23 April 2018News

Reinsurer capacity remains stable despite 2017 cat losses

The reinsurance industry emerged relatively unscathed from the heavy catastrophe losses of 2017 with its shareholders’ equity increasing and its combined ratio nowhere near as bad as in 2005 and 2011 – two most recent years severely hit by cat losses.

Those were some of the findings of the Reinsurance Market Report from Willis Re, which features the Willis Reinsurance Index, which tracks the performance of 34 reinsurance companies.

Shareholders’ equity in these companies was up 7.8 percent to $371 billion at year-end 2017. The increase occurred despite catastrophe losses, which led to a weighted combined ratio for the tracked reinsurers of 104.8 percent, up 10.4 percentage points from the previous year.

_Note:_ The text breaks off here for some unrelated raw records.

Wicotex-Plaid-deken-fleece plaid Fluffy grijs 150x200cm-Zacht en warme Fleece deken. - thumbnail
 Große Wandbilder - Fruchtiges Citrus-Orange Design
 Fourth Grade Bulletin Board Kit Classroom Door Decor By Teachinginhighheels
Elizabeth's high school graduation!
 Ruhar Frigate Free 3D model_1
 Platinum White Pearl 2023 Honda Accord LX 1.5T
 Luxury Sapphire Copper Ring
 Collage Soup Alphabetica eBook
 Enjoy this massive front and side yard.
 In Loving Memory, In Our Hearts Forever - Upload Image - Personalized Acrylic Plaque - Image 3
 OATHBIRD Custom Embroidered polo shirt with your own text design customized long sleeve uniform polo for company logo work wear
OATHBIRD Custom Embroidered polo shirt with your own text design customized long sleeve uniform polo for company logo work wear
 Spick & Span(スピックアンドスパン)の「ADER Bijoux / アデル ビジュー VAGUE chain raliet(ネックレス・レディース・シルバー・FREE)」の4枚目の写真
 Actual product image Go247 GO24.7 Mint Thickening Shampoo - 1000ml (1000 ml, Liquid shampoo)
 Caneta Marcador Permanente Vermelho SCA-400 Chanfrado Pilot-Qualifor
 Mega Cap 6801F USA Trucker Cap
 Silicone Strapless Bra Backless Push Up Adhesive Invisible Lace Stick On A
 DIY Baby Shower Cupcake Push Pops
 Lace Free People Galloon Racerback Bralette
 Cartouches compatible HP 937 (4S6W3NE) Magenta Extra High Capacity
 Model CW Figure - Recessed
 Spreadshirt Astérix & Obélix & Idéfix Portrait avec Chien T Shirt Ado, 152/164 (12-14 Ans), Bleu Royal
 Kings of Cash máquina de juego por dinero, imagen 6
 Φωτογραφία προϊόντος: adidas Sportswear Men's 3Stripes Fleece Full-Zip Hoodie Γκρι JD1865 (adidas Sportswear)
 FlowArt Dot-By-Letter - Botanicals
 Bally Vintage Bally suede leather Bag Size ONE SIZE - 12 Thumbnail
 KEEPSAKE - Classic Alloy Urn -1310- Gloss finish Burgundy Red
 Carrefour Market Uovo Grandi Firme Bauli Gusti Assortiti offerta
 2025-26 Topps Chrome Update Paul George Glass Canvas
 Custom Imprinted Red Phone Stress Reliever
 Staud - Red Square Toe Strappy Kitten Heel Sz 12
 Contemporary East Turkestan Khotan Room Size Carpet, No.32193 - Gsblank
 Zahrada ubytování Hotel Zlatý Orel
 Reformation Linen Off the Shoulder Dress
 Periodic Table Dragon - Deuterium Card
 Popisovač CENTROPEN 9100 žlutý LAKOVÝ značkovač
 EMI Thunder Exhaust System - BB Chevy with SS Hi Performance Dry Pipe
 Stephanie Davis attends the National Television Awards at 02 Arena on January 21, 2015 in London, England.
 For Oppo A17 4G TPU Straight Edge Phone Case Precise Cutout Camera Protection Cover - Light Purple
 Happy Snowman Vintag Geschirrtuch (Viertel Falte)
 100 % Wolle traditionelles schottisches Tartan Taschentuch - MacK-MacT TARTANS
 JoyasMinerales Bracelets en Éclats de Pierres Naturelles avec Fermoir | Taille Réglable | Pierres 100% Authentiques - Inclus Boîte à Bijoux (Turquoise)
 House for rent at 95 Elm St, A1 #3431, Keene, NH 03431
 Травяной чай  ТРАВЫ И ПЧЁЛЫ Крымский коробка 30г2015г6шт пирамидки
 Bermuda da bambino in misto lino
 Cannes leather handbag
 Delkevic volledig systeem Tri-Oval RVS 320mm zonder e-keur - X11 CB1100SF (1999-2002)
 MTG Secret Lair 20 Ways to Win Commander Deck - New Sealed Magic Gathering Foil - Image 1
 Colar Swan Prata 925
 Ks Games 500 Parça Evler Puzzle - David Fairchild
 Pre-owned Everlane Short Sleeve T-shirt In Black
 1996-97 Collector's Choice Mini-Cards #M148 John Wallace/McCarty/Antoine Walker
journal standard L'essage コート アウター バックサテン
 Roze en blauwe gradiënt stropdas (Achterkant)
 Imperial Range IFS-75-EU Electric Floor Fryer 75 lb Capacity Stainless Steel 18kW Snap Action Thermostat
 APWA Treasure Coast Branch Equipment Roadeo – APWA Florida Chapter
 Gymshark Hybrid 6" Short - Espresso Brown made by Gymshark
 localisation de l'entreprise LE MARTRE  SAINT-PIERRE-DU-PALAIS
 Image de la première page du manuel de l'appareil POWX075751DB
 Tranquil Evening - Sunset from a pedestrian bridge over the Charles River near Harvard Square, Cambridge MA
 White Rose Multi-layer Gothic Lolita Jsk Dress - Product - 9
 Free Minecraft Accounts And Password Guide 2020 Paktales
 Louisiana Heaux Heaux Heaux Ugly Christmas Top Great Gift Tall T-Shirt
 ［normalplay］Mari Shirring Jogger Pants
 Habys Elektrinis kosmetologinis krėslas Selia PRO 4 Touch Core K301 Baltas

Alternative capital also increased to $88 billion (year-end 2016: $75 billion), despite the draw-down of some catastrophe bonds and collateralized reinsurance and retrocession layers in the wake of the 2017 Atlantic hurricanes.

However, the main reason for the rise in equity was unrealized investment gains of $34.7 billion. And when National Indemnity is excluded from the group, the total shareholders’ equity was roughly stable, at $343.7 billion.

The Index delivered return on equity of 3.4 percent, down from 8.0 percent in 2016, after aggregate net income fell to $12.0 billion (2016: $26.6 billion). Profitability was also heavily reliant on significant realised investment gains of $9.7 billion, up 38.6 percent, driven largely by a $2.7 billion investment gain realized by Fairfax following the sale of two subsidiaries and equity gains.

Underwriting losses were again partly offset by high prior-year reserve releases. Notably, capital of $15.6 billion was returned by reinsurers through dividends ($11.2 billion) and share buybacks ($4.4 billion) far exceeding the aggregate net income of $12.0 billion.

In a new combined ratio analysis, Willis Re compared 2017 with the severe catastrophe-affected years of 2005 and 2011. The analysis of a subset of reinsurers shows that the reported combined ratio for 2017 was 107.4 percent compared with 108.2 percent in 2011 and 112.8 percent in 2005.

The impact of natural catastrophe losses in 2017 was 18.1 percent lower than 2011 (24.8 percent) and 2005 (25.8 percent). Notably, excluding natural catastrophe losses and prior year reserve releases, the Ex-Cat Accident Year combined ratio deteriorated further to 94.6 percent in 2017, from 90.2 percent in 2011 and 89.2 percent in 2005.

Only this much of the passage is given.